* EXERCISE GOAL:
Each line below from the line with "Creative Wood Figurine" to the line with "Color code: RGB 181 33 107 | qconv.com" must be copied exactly, including those two, and no picture may appear in the copy.

* INFORMATION GIVEN:
┌──

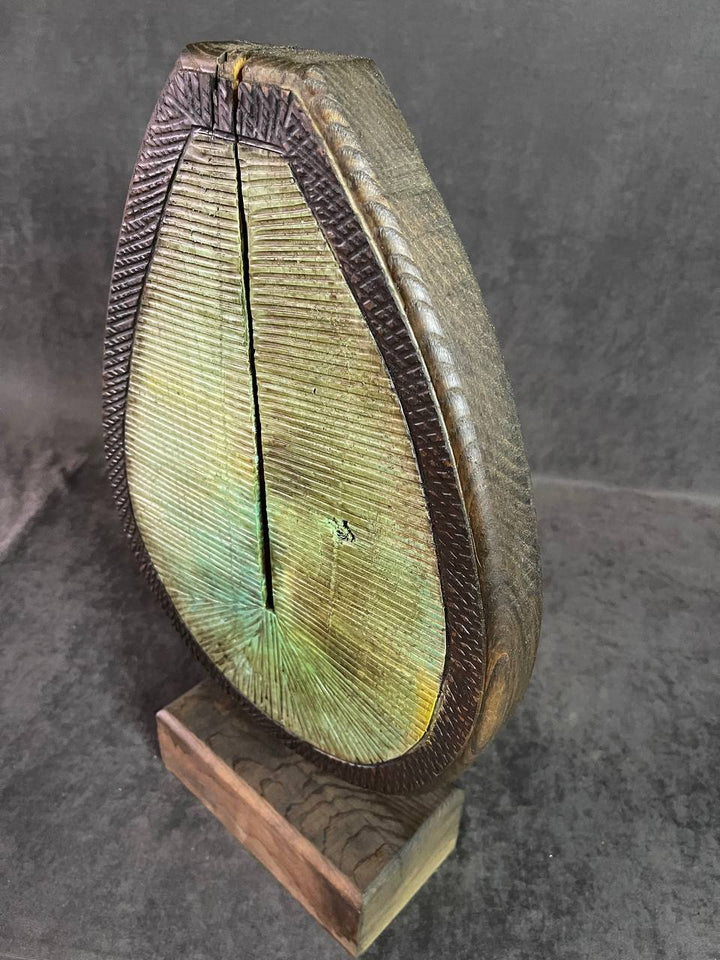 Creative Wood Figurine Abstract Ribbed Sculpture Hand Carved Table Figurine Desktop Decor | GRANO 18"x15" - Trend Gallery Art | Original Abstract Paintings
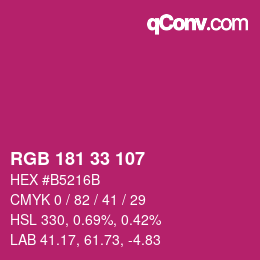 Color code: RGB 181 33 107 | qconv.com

└──
┌──

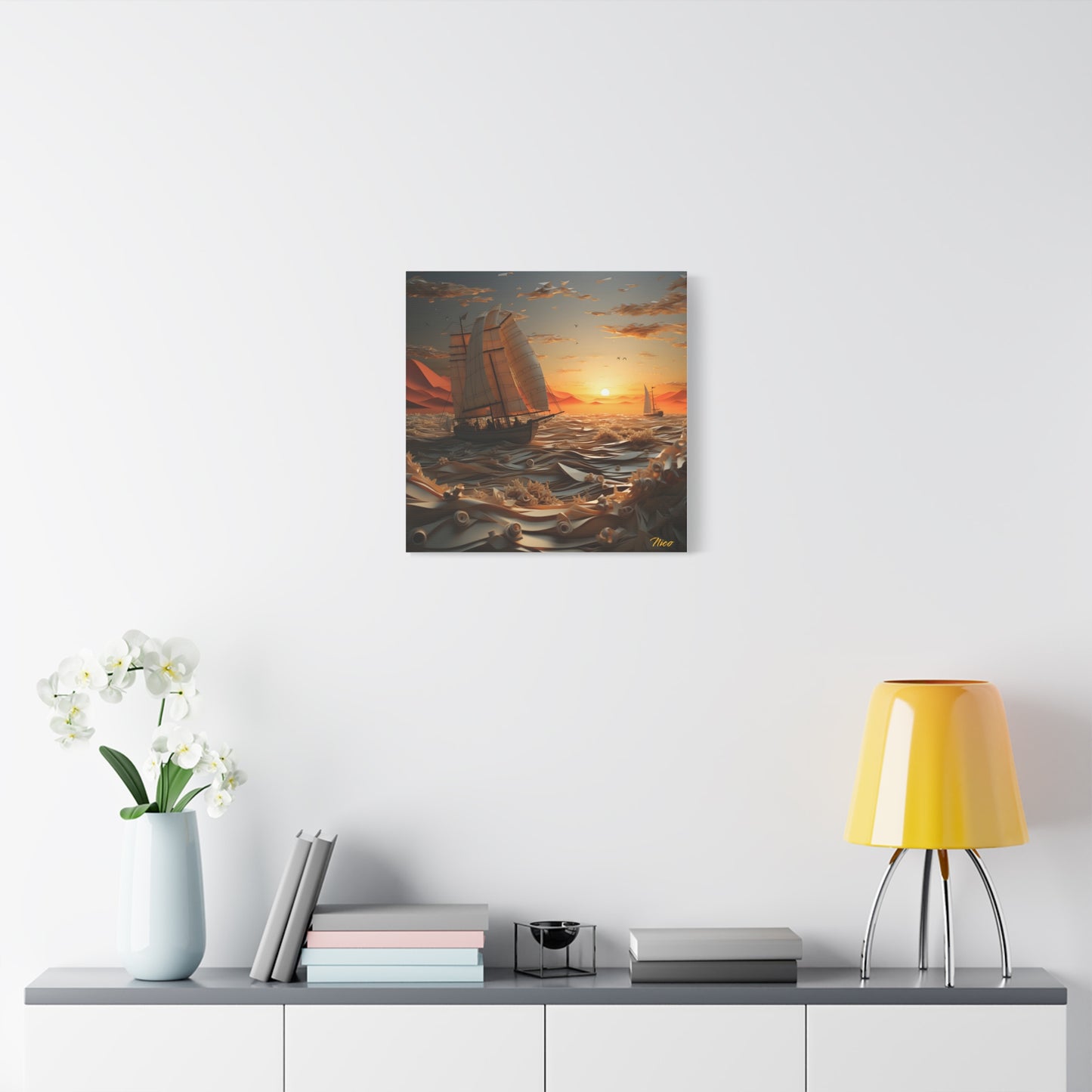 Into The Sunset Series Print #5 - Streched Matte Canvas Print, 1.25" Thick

└──
┌──

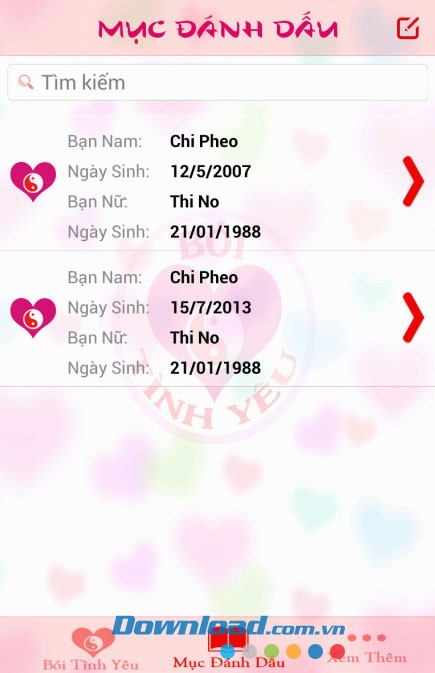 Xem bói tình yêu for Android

└──

* RESPONSE TO THIS EXERCISE:
 Creative Wood Figurine Abstract Ribbed Sculpture Hand Carved Table Figurine Desktop Decor | GRANO 18"x15" - Trend Gallery Art | Original Abstract Paintings
 Color code: RGB 181 33 107 | qconv.com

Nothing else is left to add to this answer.